Back then, feminists and lesbians who didn't meet the prevailing standards for physical attractiveness and general docility were continually subjected to variations on "You're just a feminist (or a lesbian) because you can't get a man." (Has this changed??) For years I avoided visible public roles because being fat made me an obvious target for the charge and, I thought, a liability to the movement. Thanks to the fat liberation movement and some stellar and totally unapologetic fat female role models, I gradually started performing my work and doing some public speaking. Time came when I totally recognized You're just a feminist because . . . for what it is: an attempt to keep unruly women in line. I wonder if Betty Friedan ever got to that stage.
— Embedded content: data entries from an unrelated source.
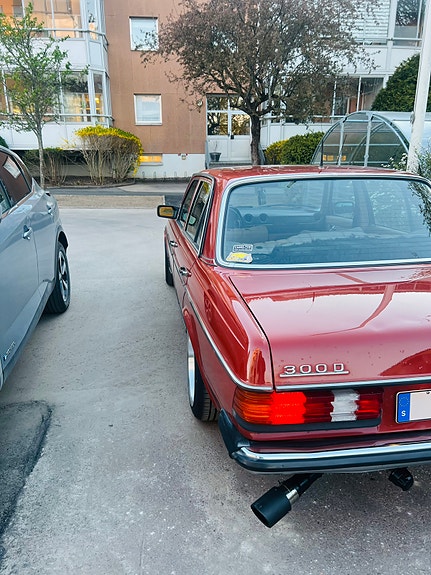 Mercedes-Benz 300 D 11 of 16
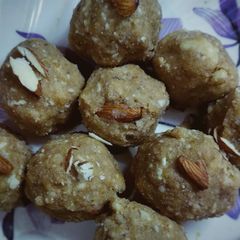 A picture of Besan laddoo.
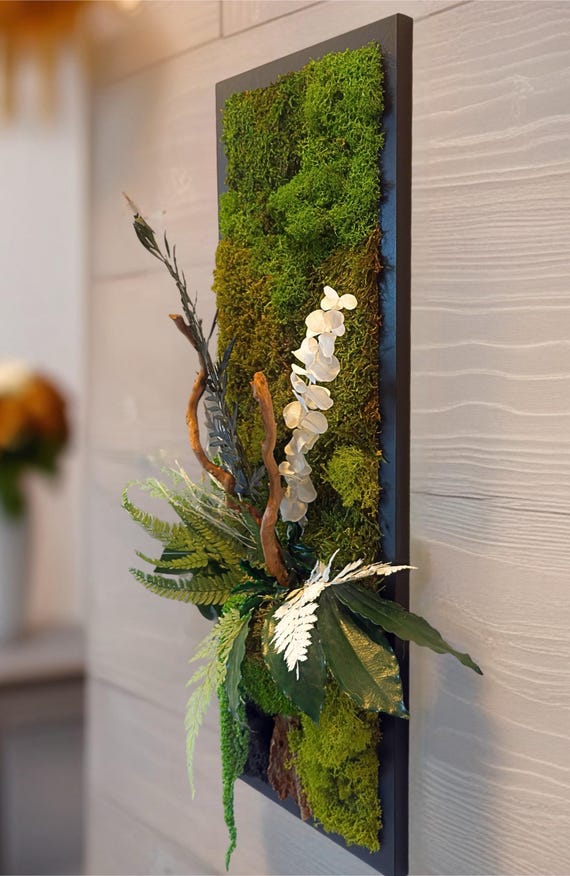 Cadre végétal stabilisé vertical 65 cm – mousse naturelle et feuillages tropicaux – décoration murale artisanale Naturencadre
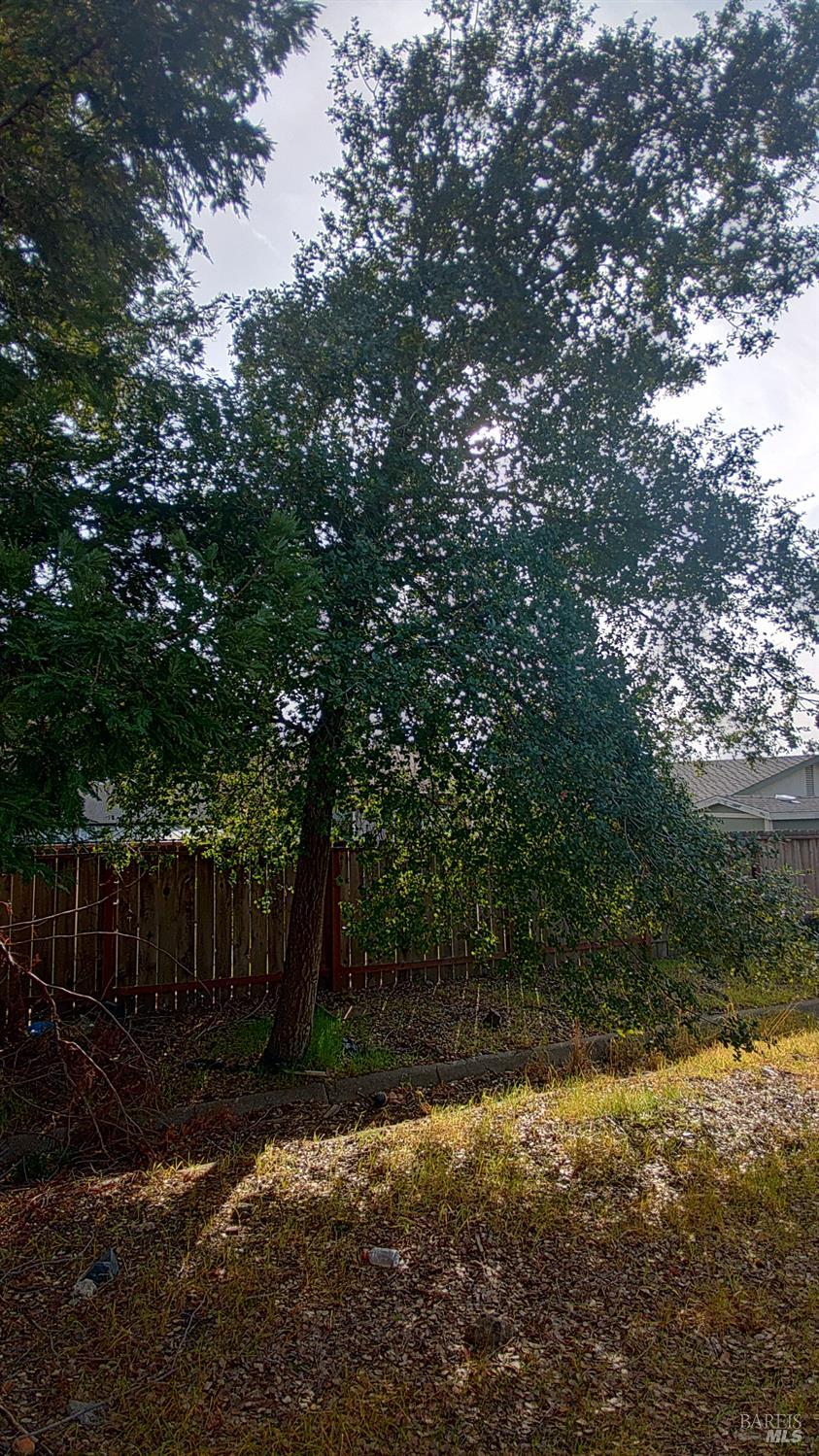 Detail Gallery Image 22 of 34 For 445 Lakehurst Ct, Fairfield,  CA 94533 - – Beds | – Baths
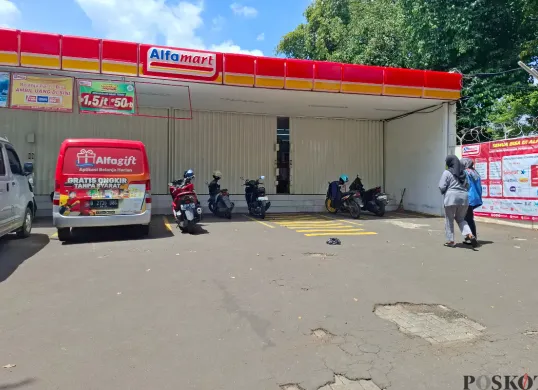 Alfamart di Jalan Moch Kahfi 1, Kelurahan Ciganjur, Jagakarsa, Jakarta selatan masih tutup setelah dibobol maling pada Kamis dini hari, 24 April 2025. (Sumber: Poskota/Angga Pahlevi)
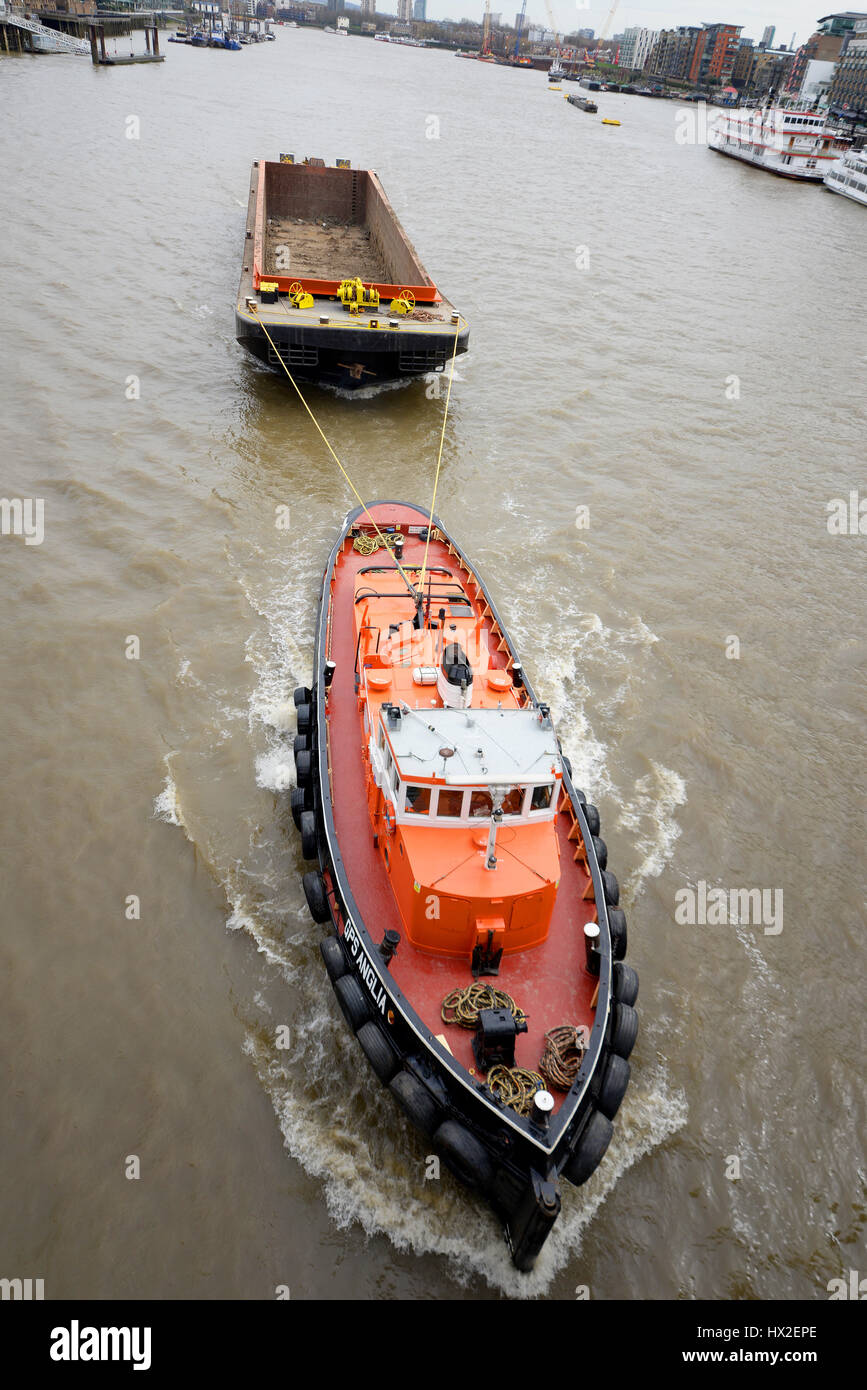 Cory Rifiuti Ambientali barge trainato da un rimorchiatore lungo il fiume Tamigi attraverso Londra. Cory il riciclo dei processi e dei rifiuti utilizzando il percorso del fiume Foto Stock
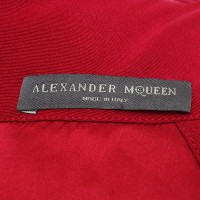 Alexander McQueen Kleid in Rubinrot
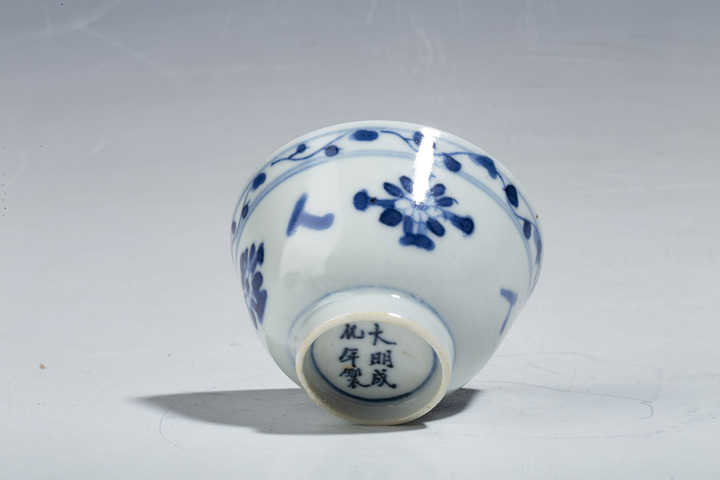 古玩陶瓷清中晚?青花花卉紋杯一組拍賣，當前價格8888元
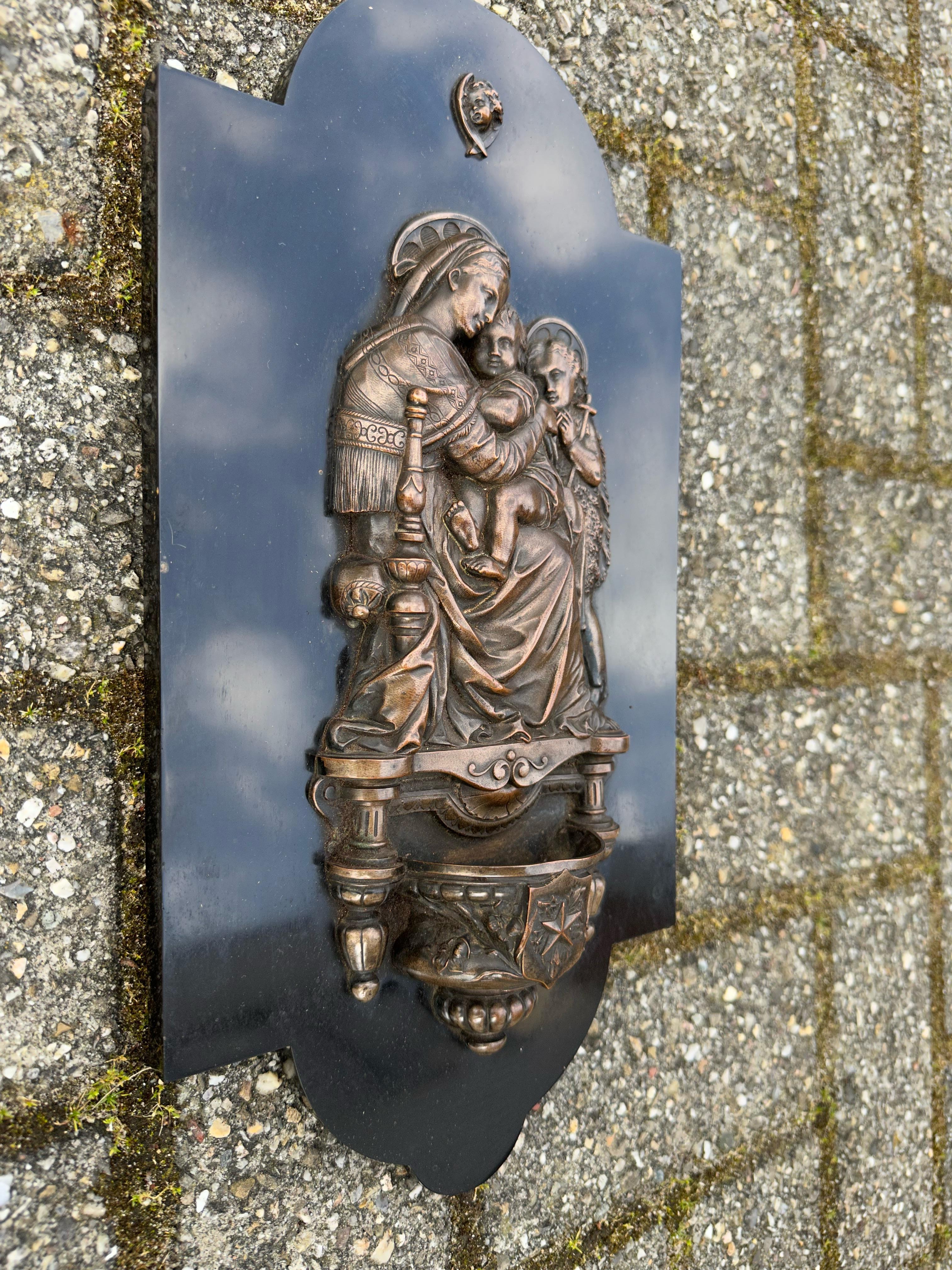 Madonna della Seggiola di Raffaello, placca da parete in bronzo e marmo e acquasantiera 4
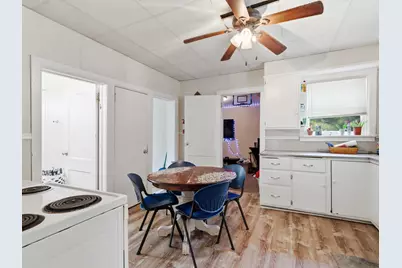 1542 S 9th St, Sheboygan, WI 53081 - Photo 11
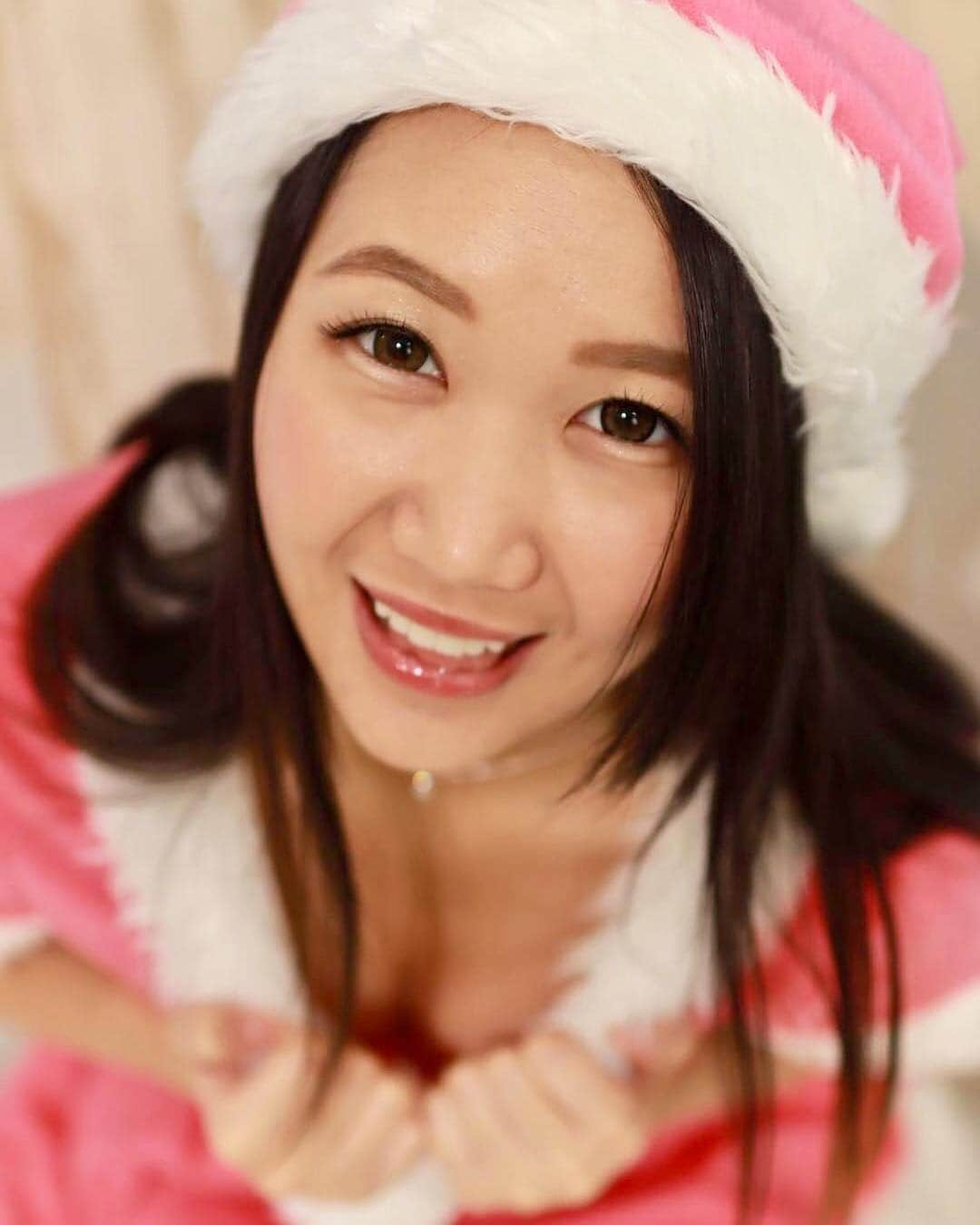 橋下まこさんのインスタグラム写真 - (橋下まこInstagram)「🎄 MerryX'mas 🎅 #AV女優 #セクシー女優 #踊り子 #ストリップ #ストリッパー #ストリップダンサー #ロック座 #舞台 #表現 #橋下まこ #撮影会 #ヌード撮影会 #ヌード #ヌードモデル #モデル #サンタ #サンタコス #クリスマス #めりくり」12月25日 11時46分 - hashimotomako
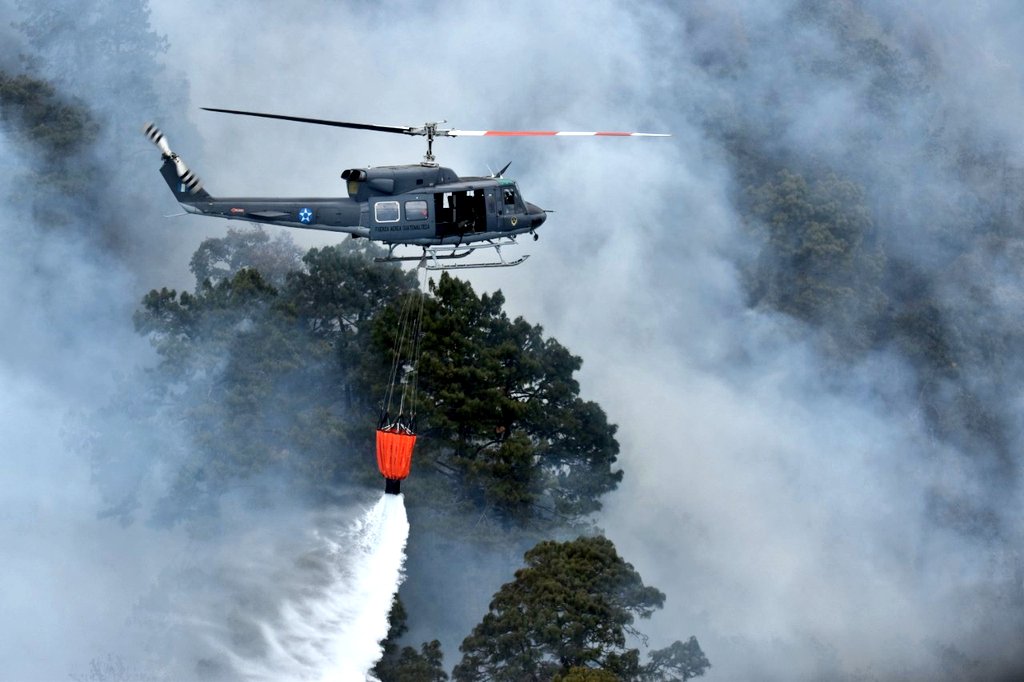 Combaten desde el aire incendio en faldas del volcán Atitlán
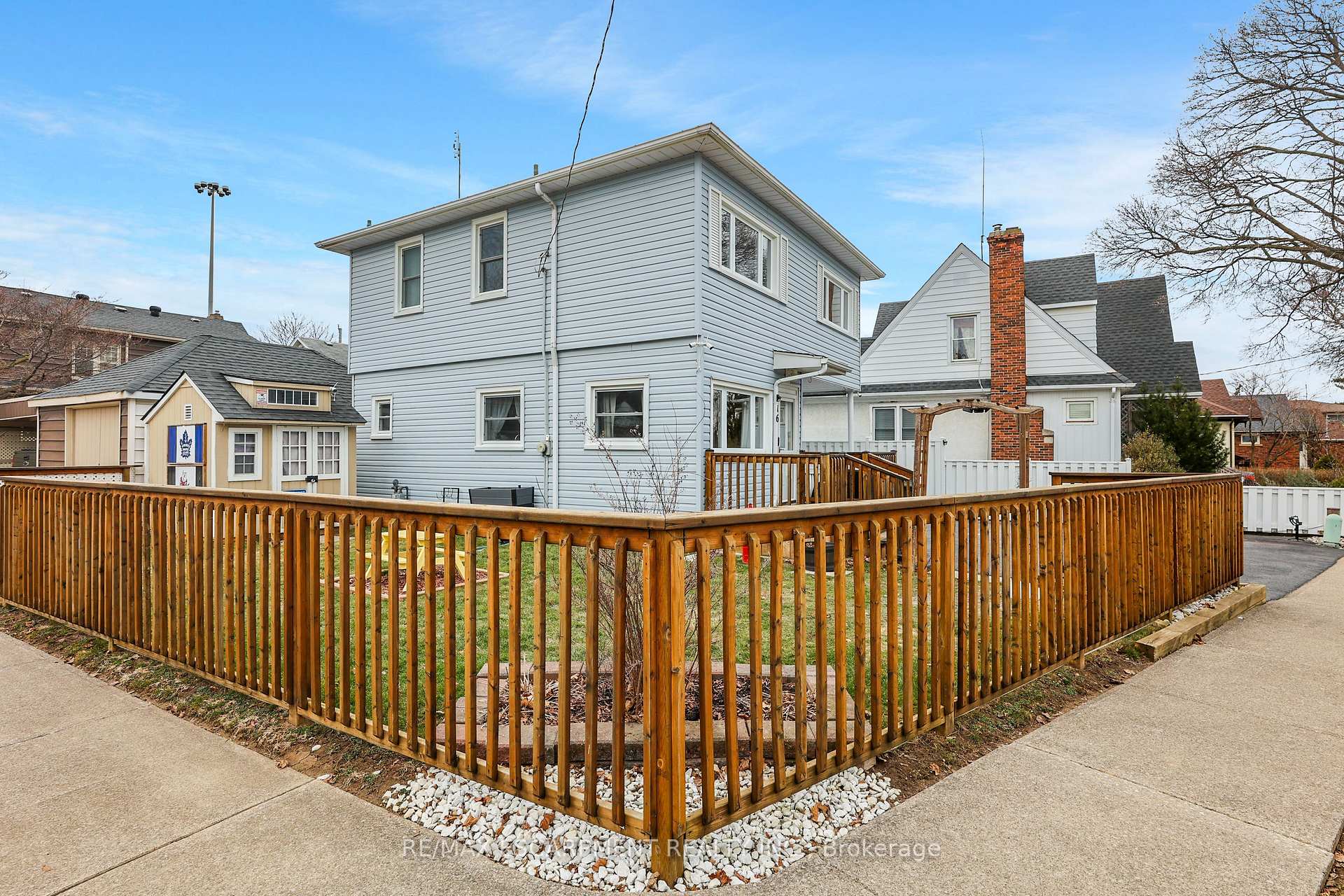 Photo 19 of 16 Kingsway Crescent, St. Catharines, Fairview — HOMEH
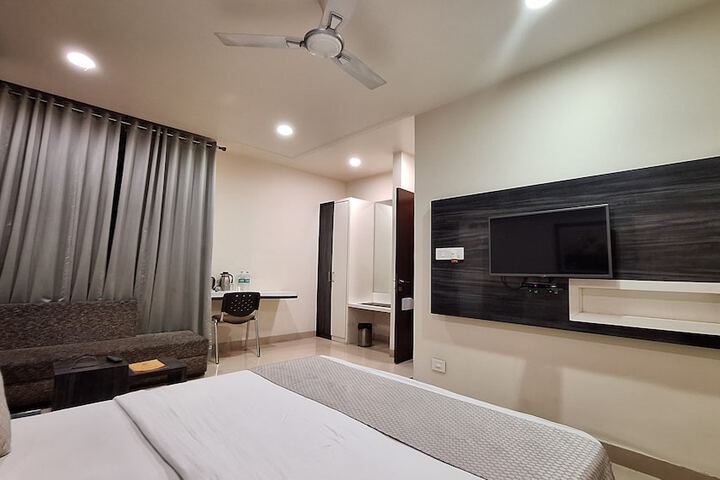 Room 16 of 32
Her obit in today's online Washington Post (written by Patricia Sullivan) quoted her as saying in 1993, "It isn't that I have stopped being a feminist, but women as a separate interest group are not my concern anymore." The feminisms that Friedan disparaged, or at the very least did not embrace, recognized early on that women weren't and couldn't be "a separate interest group," and that within category Women exist all the other divides and loyalties encompassed by humankind in general. Feminism is a perspective, a way of looking at the world, a commitment to keep women on the stage, not off in the wings or perpetually in the audience. Did Betty Friedan eventually come to realize that? I don't know. I do know that without The Feminine Mystique I probably wouldn't have set out on my journey to a place where that perspective is possible.